Lol, you should see how many windows i have open now

----------


## jamyjamjr

i feel u there man... i have my own issues here... hopefully admin can do something so we can help people out more

----------


## almostgone

> Lol, you should see how many windows i have open now


Same here. I usually have a string of tabs for Pm messages across the screen when answering PMs. I just answer one, send it, and move onto the next while the previous one is being sent. Doesn't really slow me down real bad.

AG

----------


## WARMachine

I feel the same way about getting PMs about gyno related issues. At least 4 a day.

I hear ya Jamy... Any chance we can get this changed?

----------


## jamyjamjr

bump for admin

----------


## JiGGaMaN

it will give you more time to think of quality responses.

----------


## jamyjamjr

> it will give you more time to think of quality responses.


arn't we just smiles today....


freakin jigga.. lmao

always got sumtin to say huh fcuker??? lol

----------


## DSM4Life

jam, I got your PM and my dirty underwear are in the mail.

----------


## jamyjamjr

> jam, I got your PM and my dirty underwear are in the mail.

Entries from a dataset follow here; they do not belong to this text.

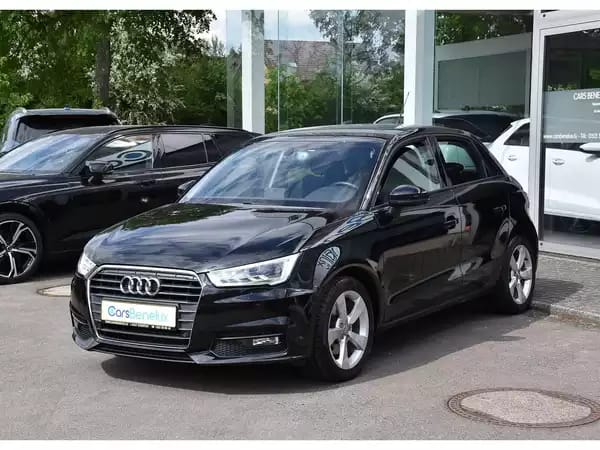 Audi A1 Sportback 1.4 TFSI Sport GPS XENON 1° MAIN CARNET - Photo 2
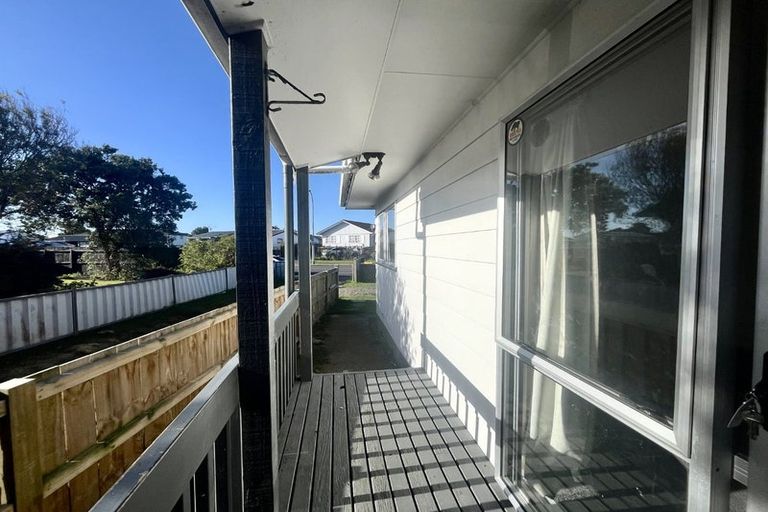 Photo of property in 57 Burundi Avenue, Clendon Park, Auckland, 2103
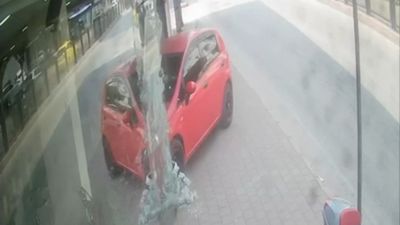 Adana'da otomobil mağazaya daldı
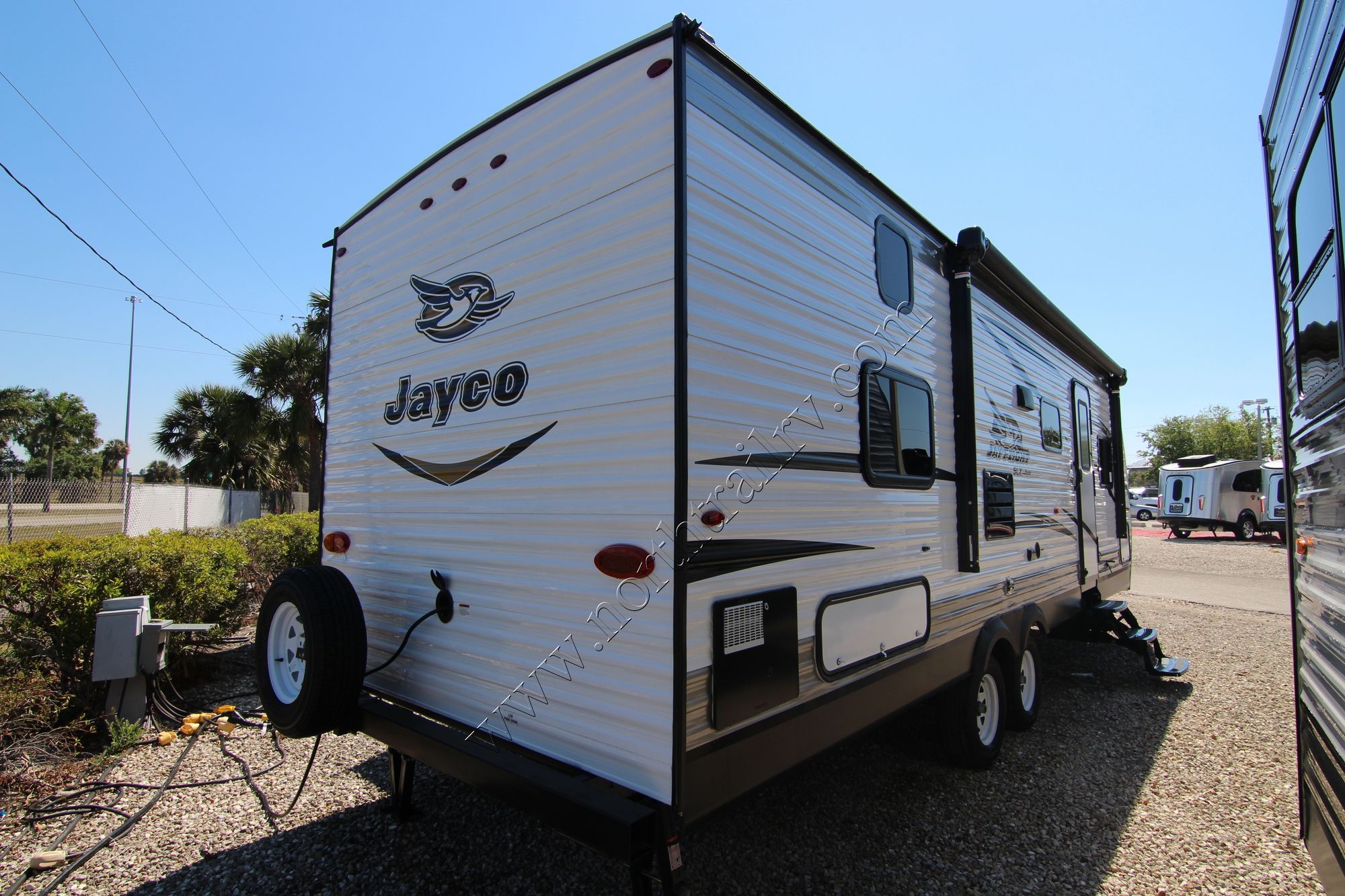 New 2018 Jayco Jay Flight SLX 267BHS Travel Trailer  For Sale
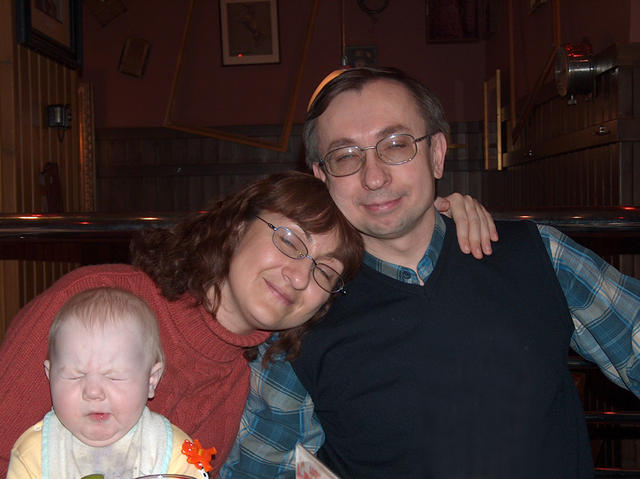 Поздравляя Юру с днем рождения, мы с Тасей как-то переборщили с лимоном. Кафе "Фрайдис" в ТЦ "Атриум", 16 ноября 2003 г.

ohh i count the days untill it arrives so i can sniff away... lmao  :Wink/Grin:  :Wink/Grin:

----------


## JiGGaMaN

> ohh i count the days untill it arrives so i can sniff away... lmao


yeah its the good shit. smells like gravy and ball sweat, just the way i love them.

----------


## jamyjamjr

lmao

----------


## MercuryEvo

I cant PM anyone? How do I get the PM option

----------


## Phate

> I cant PM anyone? How do I get the PM option


25 posts

----------


## MercuryEvo

> 25 posts


oooo, thanks for the help. Is there anyone on here I can PM to check on a source? Or anyone I can PM for a referral to a source to get good brands reliably? I dont want to break any rules

----------


## Phate

> oooo, thanks for the help. Is there anyone on here I can PM to check on a source? Or anyone I can PM for a referral to a source to get good brands reliably? I dont want to break any rules


mods/vets can give you a source check, look at our signatures for the requirements but the basic one is 100 QUALITY posts and 45 days membership

----------


## MercuryEvo

> mods/vets can give you a source check, look at our signatures for the requirements but the basic one is 100 QUALITY posts and 45 days membership


once i can PM people then i'll have some questions

----------


## jamyjamjr

bump for admin

----------